Pages

Saturday, November 6, 2010

VMware ESXi 4.1.0 stuck at “Initializing scheduler …” screen on boot up with Cisco UCS C210 M2 servers

Update March 9, 2011:

It looks like we finally have a firmware fix from Cisco: http://terenceluk.blogspot.com/2011/03/firmware-update-fix-for-vmware-esxi-41.html

-------------------------------------------------------------------------------------------------------------------------------------------------------------------

I have been working in 2 separate virtualization environments with new Cisco UCS C210 M2 servers and noticed that in both environments, I would intermittently see the VMware ESXi 4.1.0 Build 260247 boot up process get stuck at the “Initializing scheduler …” screen as shown in the following photo I took with my phone:

image

What was difficult was that this happens intermittently and it’s not easy to replicate simply by rebooting the server. Some time was spent searching on the internet to see if anyone else has had this problem and a post about a user with an HP server experiencing a similar problem was found but nothing on UCS. After knowing that I wasn’t going to get too far with this, I decided to post a question on the Cisco Support Community forums and almost immediately received a reply from another user who said they had the same problem. Shortly there after, another user posted a reply that I’ll copy and paste here:

Hi Terence / Clint,

Cisco is aware of this problem and has been working with VMware to address this issue - as this issue has also been seen on other vendor's servers. Additionally, it only seems to be affecting platforms running ESXi.
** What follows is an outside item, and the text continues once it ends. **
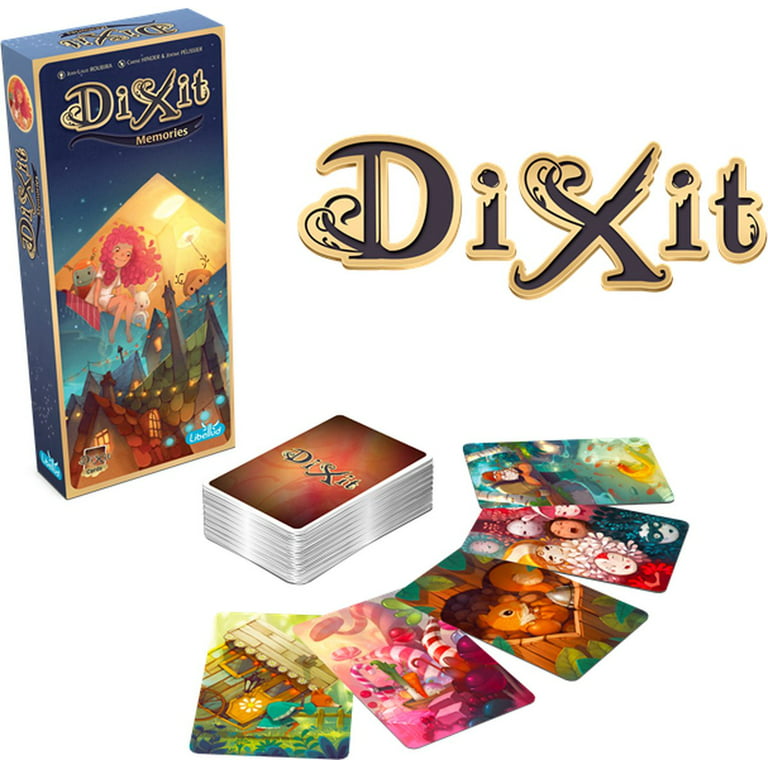 Dixit: Memories Expansion Strategy Card Game for ages 8 and up, from  Asmodee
On the Cisco side, this issue is being tracked via CSCtj19224 - ESXi stuck at Initializing Scheduler - (CCO Account Required to view details)

The workaround is to disable legacy USB within the BIOS.

Hope that helps.

Thanks,
Michael

Link to the post: https://supportforums.cisco.com/thread/2050592?tstart=0

So as it turns out, this isn’t specific to Cisco UCS which was no surprise since a similar post was found but with an HP server.

In case anyone out there is wondering what the process of disabling this for a Cisco C210 M2 server looks like, the following are screenshots I took for one of the servers:

image

image

image

clip_image002

clip_image002[4]

Select Legacy USB Support.

clip_image002[6]

Disable and press F10 to save:

clip_image002[8]

Update November 7, 2010:

I got another response today with the following when I followed up with asking whether this affects 4.0 as well:

In response to Terence, from what I can tell, it seems to mainly affect ESXi 4.1 - based on the number of cases I could find, however I have seen a couple of cases on ESXi 4.0 as well.

Update November 16, 2010:

I got another response on the forums and it looks like this affects ESXi 4.01 as well:

AI ran into this tonight while doing a 1000v upgrade. UCS B250 M1 blades with ESXi 4.0 (Build 236512). Disabling the Legacy USB resolved the issue.

14 comments:

Unknown said...

You can include also Cisco UCS C250 M2 in the list of affected servers.
Thanks for this post I was resetting CMOS everytime I rebooted the servers.
Regards

Anonymous said...

Add the IBM x3650 M3 to the list as well. Unplugging the USB->PS2 adapter solved the issue.

Peter Cronwright said...

Looks like this is fixed now in 1.4(1m)

"ESXi boot up no longer intermittently hangs at the initializing scheduler. (CSCtj19224"

Terence Luk said...

Awesome! Thanks for the heads up Peter.

Paul B said...

Just upgraded our Test standalone UCS to 1.4m this afternoon and still hung on Initialising Scheduler after installing ESXi4.1 - disabling in the BIOS seems to have resolved the issue but again difficult to be definite at this point due to the intermittent issue.

Anonymous said...

I am also in the same situation:
VMware ESXi 4.1.0 on HP Proliant DL385 G7 Hangs at loading VMKernel
Is say "VMKernel Loaded successfully". But hangs after five bars.

Anonymous said...

Saw this on an IBM bladeCenter model 7870 (HS22) where USB and media trays are shared with the bladecenter chassis. Was gonna try disabling legacy USB, but a coworker suggested moving the "M/T" assignment to another blade (effectively moving USB and media to another blade). ESXi immediately continued it's bootup once we did that.

Rob Rech said...

Apparently this also affects vSphere 5.1 with the R210 too. This setting resolved the issue for me.

chrisgriner said...

This issue is also seen with 5.1.0 on IBM System x3650 M3 (7945AC1).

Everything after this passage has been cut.